Remember I asked you not to write novels in 'action lines?' That maybe we don't call them 'action lines' just because calling them 'unpublished novel lines' would be too many syllables? I have an addendum...

Also avoid using your action lines to tell us how awesome, or deep, or metaphorical your next bit of dialogue is.

If it is good, you just undercut it with a spoiler. If it isn't... I don't need to explain the downside to that.

Thursday, May 26, 2011

Cover Story

Newsflash: Cover stories are hardly ever about how awesome someone is. One person rarely appears on many simultaneously. You hardly ever see one face broadcast all over Times Square, especially over the word 'Messiah?'

If you want your lead to look like Captain Awesome McSuck My Balls you have to try harder. Like, original 'State of Play' harder, where the bright young hope of his party was not introduced during an interview in which a flirty reporter asked him to comment on the rumors God was stepping down next year to let him the take over. That is not what State of Play did.

This is what they did: In what looked like a dry committee hearing he personally reamed an oil company shill a new one with his team's own investigative research.

He earned respect.

Earned.

Stop telling us your lead is so damn cool and show us something.


(Show, don't tell. Didn't I read that in a screenwriting book somewhere?)

Wednesday, May 25, 2011

No Weather-Controlling Device for You

Stop telling me how full the moon is. Full moons are expensive. And you never use them for plot. You're just trying to have your own 'Truman Show.'

No, you can't 'cue the sun.' A little weather now and then doesn't hurt if it's plot related. Break-ups happen during storms, sunlight breaks through with new hope, rain equals rebirth... Fine.

But 'Because it's cool' is not plot related.
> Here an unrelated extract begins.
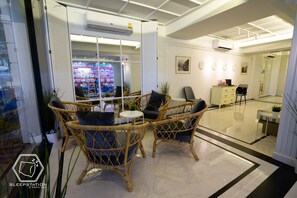 Lobby sitting area - SleepStation at Pratunam (Bangkok)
PS: I know I've said this, but stop giving resumes in character descriptions! Remember: If the audience can't see or hear it, it doesn't exist.

Tuesday, May 24, 2011

Wake with a... STOP

"She wakes with a start." "He jolts awake. IT WAS JUST A DREAM!" "They sit bolt upright in bed..."

I could go on but I won't. Nor should you.

Waking startled is a trope. Proceed at your own risk.